Соответственно любовь героев развивается в духе самых высоких ‘культурных’ образцов:

...

Доктор идет на сближение обстоятельно и нежно, как в доброе старое время. Рассказывает о детстве. Излагает свои научные гипотезы. Терпеливо переносит поток стихов <…> И в любви признается <…> не устно, а в письме.

Получение этого любовного письма образует важнейший сюжетный узел рассказа. Эпистолярный жанр мотивирован командировкой доктора в другой лагерь, момент доставки письма совпадает с внутривенным вливанием, которое героиня делает Сереже Кондратьеву, а соображения конспирации диктуют обращение к латыни. Героиня «никогда не учила латыни, но по аналогии с французским кое-что понимала» и с волнением разбирала «приподнятые, почти патетические слова: Амор меа… Меа вита… Меа спес…». Это полное слияние любви и культуры тем более замечательно, что оно представляет собой вариацию на знаменитое объяснение в любви между Левиным и Кити, которое, довольствуясь начальными буквами слов, бросает типично толстовский вызов условностям и символической природе языка.

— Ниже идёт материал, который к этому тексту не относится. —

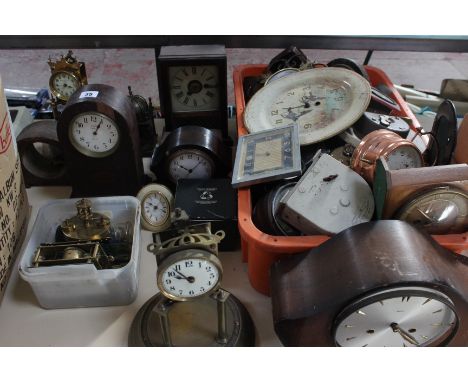 A quantity of assorted clocks and clock parts, to include alarm clocks, mantel clocks etc 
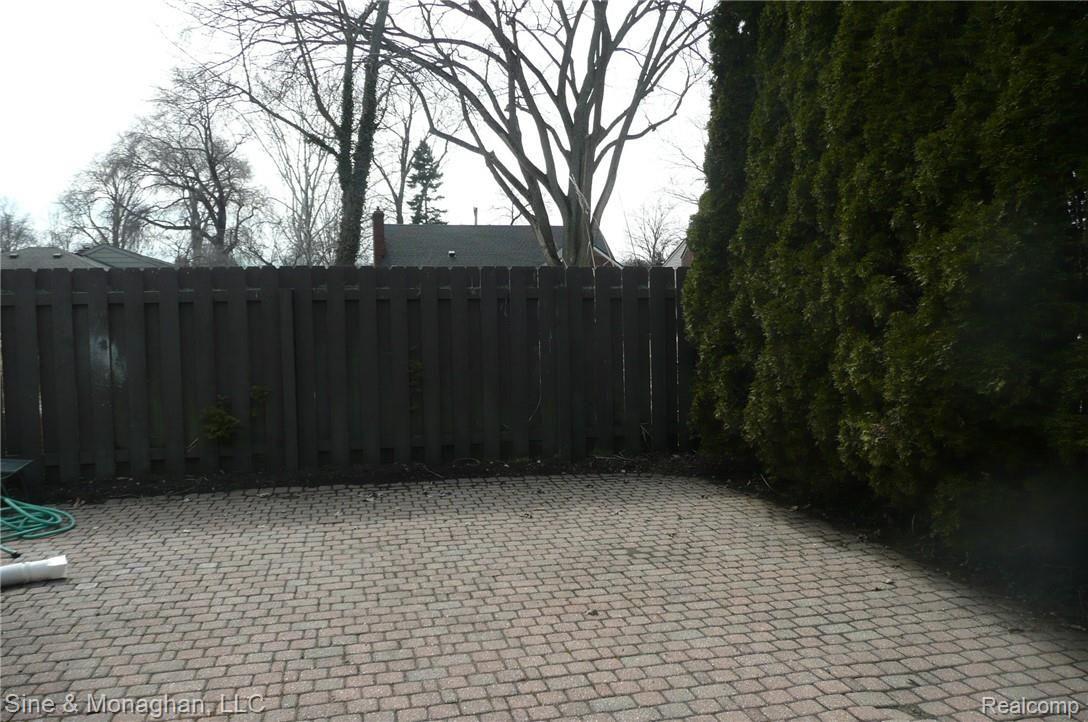 1135 Fairholme Road Grosse Pointe, MI 48236 - Photo 13 of 57 1135-52.JPG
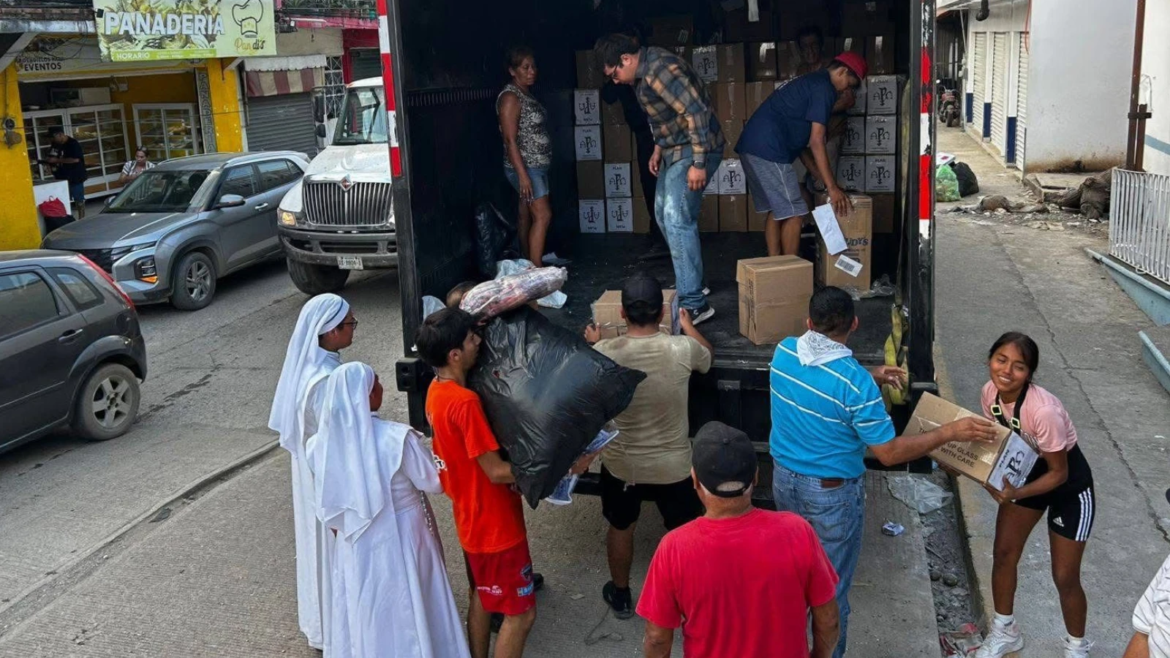 Iglesia Católica entrega 455 toneladas de ayuda a 32 mil familias tras devastadoras inundaciones en México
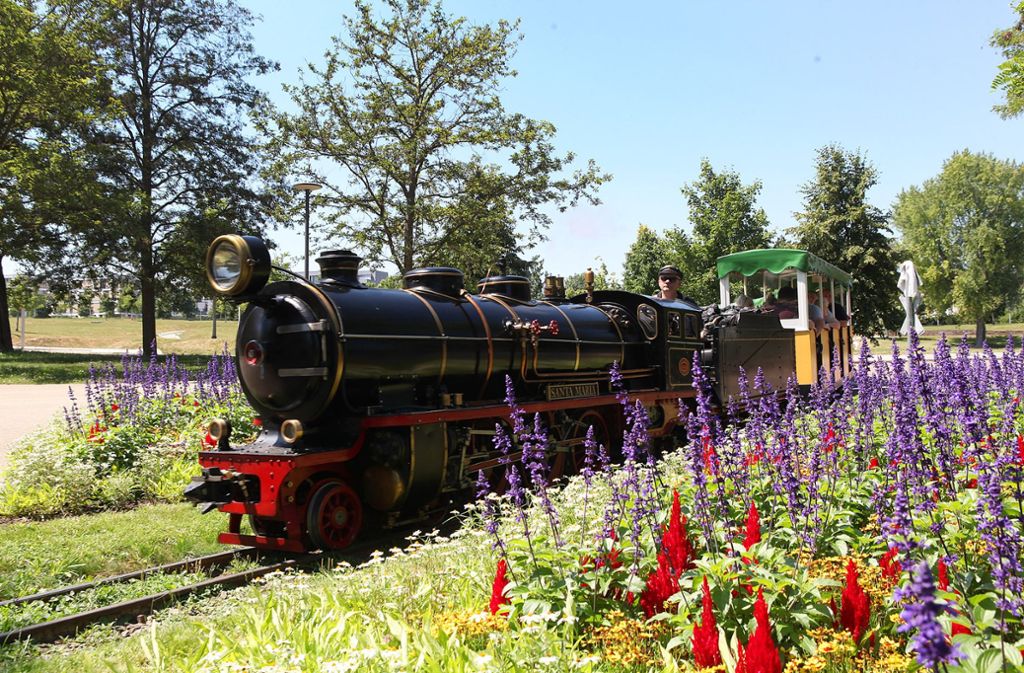 Der Killesbergpark ist immer einen Ausflug wert und vor allem für Familien mit Kindern geeignet. Bei einer kleinen Rundfahrt mit der Killesbergbahn kann man den Park mit seinen zahlreichen Blumen bestaunen. Auch die Aussicht über Stuttgart...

Ночью героиня сочиняет ответ — увы, всего лишь по-русски, но зато в стихах (переход к ним подготовлен безупречными хореями в цитатах из письма доктора) и в древнеримском культурном коде:

...

Как прекрасен Капитолий, сколько в небе глубины! День прекрасный, день веселый, мы свободны, мы — одни. Все тяжелое забыто в свете голубых небес, вы шепнули: меа вита, амор меа, меа спес… Я в восторге. И отныне я прошу вас вновь и вновь только, только по-латыни говорить мне про любовь…

Ответное письмо героини, подхватывающее идею использования в любовном диалоге особого, возвышенно культурного языка, достигает этого не только путем обращения к стихотворной речи, являющейся классическим воплощением ‘литературности’, но и еще одним, специфически интертекстуальным способом. Стихотворная импровизация героини представляет собой переработку вполне конкретного текста — ахматовского «Сердце бьется ровно, мерно…» (1913), характерного образца стоической выдержки, обретаемой в опоре на память и культуру.